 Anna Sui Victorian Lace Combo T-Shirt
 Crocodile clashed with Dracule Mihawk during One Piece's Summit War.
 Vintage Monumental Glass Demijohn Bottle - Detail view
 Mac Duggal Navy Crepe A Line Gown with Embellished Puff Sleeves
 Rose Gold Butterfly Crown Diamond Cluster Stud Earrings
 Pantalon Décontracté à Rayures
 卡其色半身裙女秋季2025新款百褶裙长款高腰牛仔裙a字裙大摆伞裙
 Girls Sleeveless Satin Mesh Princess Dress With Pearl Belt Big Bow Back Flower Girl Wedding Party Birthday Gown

#####

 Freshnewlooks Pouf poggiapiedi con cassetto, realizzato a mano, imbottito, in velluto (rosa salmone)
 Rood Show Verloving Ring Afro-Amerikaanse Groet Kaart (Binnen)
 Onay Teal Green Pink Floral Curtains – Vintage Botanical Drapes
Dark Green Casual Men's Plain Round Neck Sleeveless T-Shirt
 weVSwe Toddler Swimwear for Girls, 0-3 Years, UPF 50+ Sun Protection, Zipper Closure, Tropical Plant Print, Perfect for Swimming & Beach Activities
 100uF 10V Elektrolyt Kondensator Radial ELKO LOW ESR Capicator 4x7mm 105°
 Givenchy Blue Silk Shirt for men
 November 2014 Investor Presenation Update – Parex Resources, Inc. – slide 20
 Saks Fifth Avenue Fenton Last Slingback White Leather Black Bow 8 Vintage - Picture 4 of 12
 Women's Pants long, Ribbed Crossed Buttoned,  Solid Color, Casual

#####

◆ How to complete this task
From the line that has "Onay Teal Green" through the line that has "Givenchy Blue Silk Shirt for men", copy every line exactly as it appears above, and leave out all others.

◆ Exercise output
 Onay Teal Green Pink Floral Curtains – Vintage Botanical Drapes
Dark Green Casual Men's Plain Round Neck Sleeveless T-Shirt
 weVSwe Toddler Swimwear for Girls, 0-3 Years, UPF 50+ Sun Protection, Zipper Closure, Tropical Plant Print, Perfect for Swimming & Beach Activities
 100uF 10V Elektrolyt Kondensator Radial ELKO LOW ESR Capicator 4x7mm 105°
 Givenchy Blue Silk Shirt for men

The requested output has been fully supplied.